Dataset section>
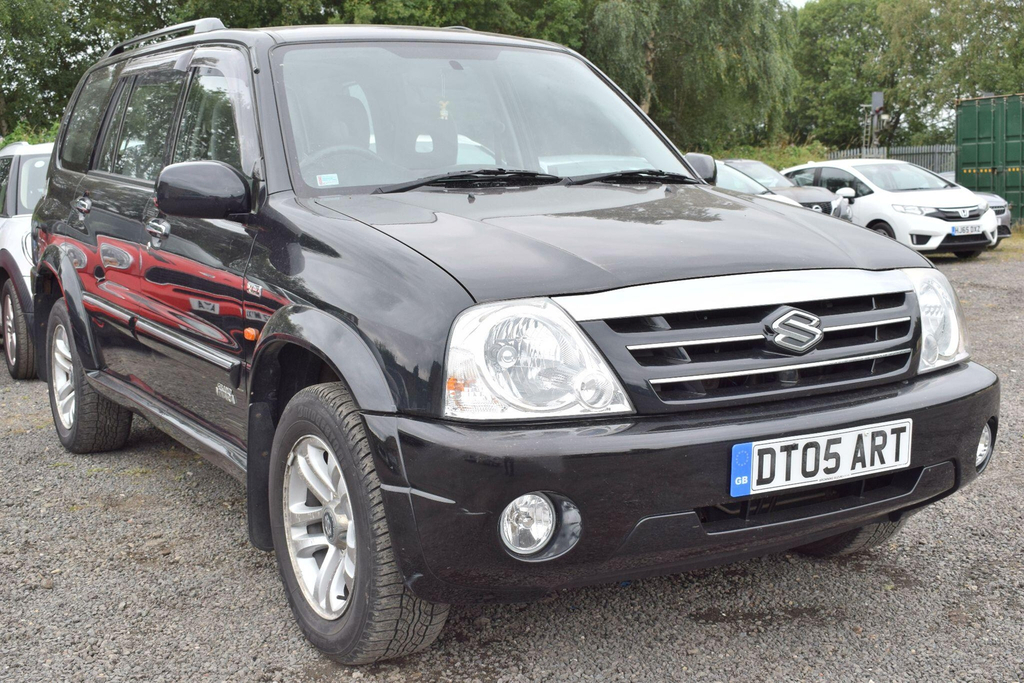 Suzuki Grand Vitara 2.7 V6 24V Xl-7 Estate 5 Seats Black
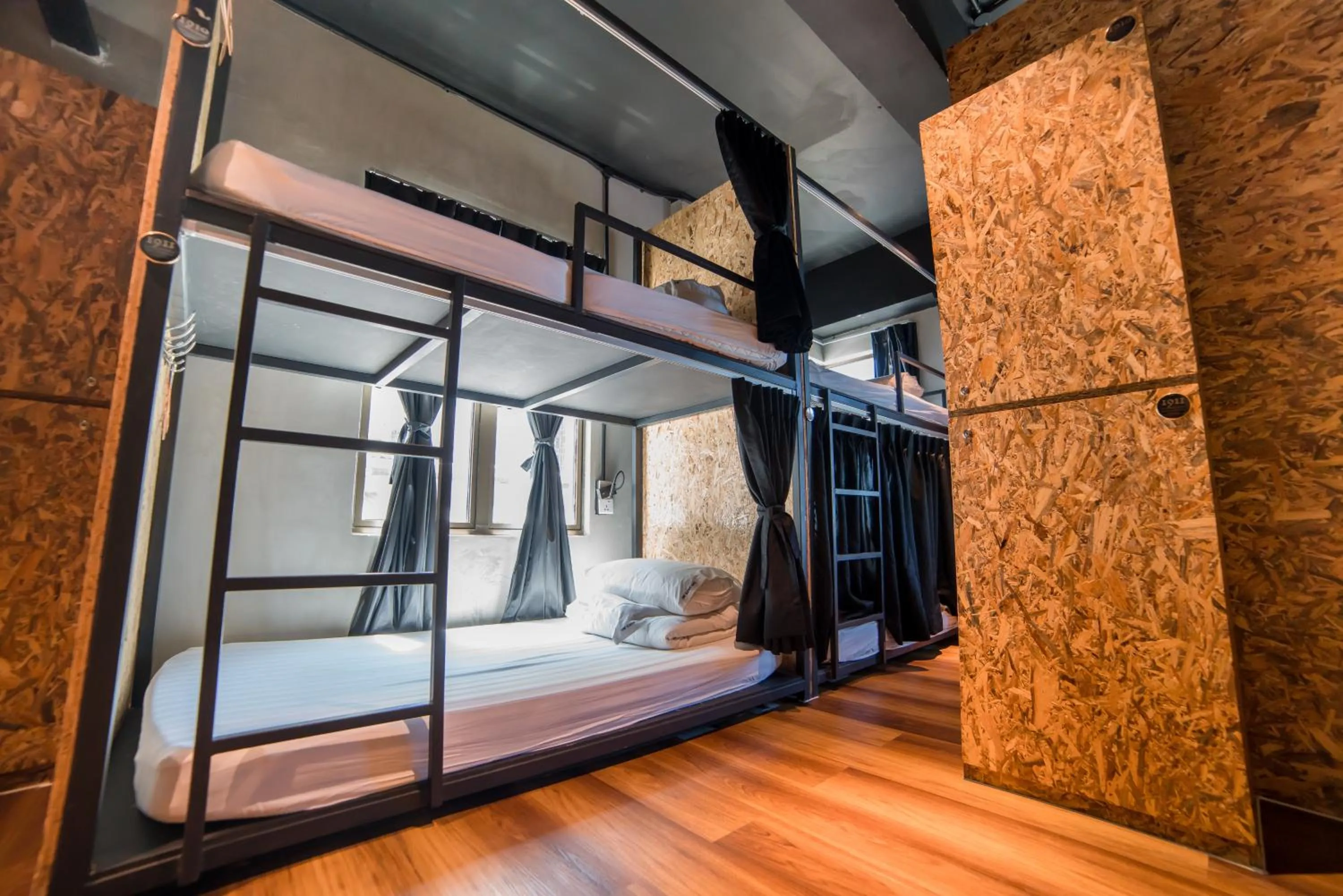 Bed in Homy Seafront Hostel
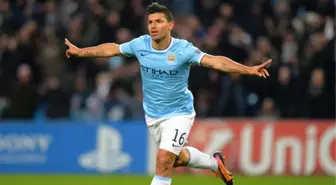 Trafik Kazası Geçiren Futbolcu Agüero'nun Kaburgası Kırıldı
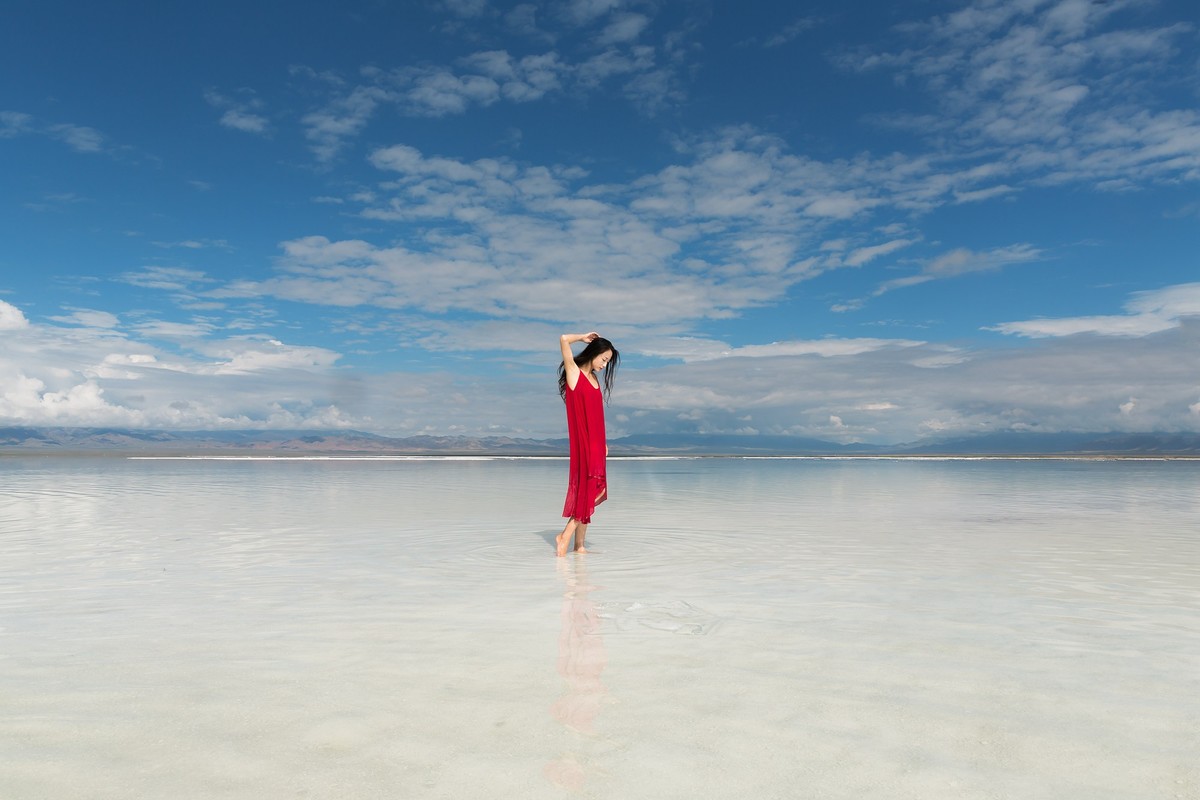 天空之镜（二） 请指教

Directions for this task> Please repeat the listing above word for word, with the pictures removed.

Worked solution>
 Suzuki Grand Vitara 2.7 V6 24V Xl-7 Estate 5 Seats Black
 Bed in Homy Seafront Hostel
 Trafik Kazası Geçiren Futbolcu Agüero'nun Kaburgası Kırıldı
 天空之镜（二） 请指教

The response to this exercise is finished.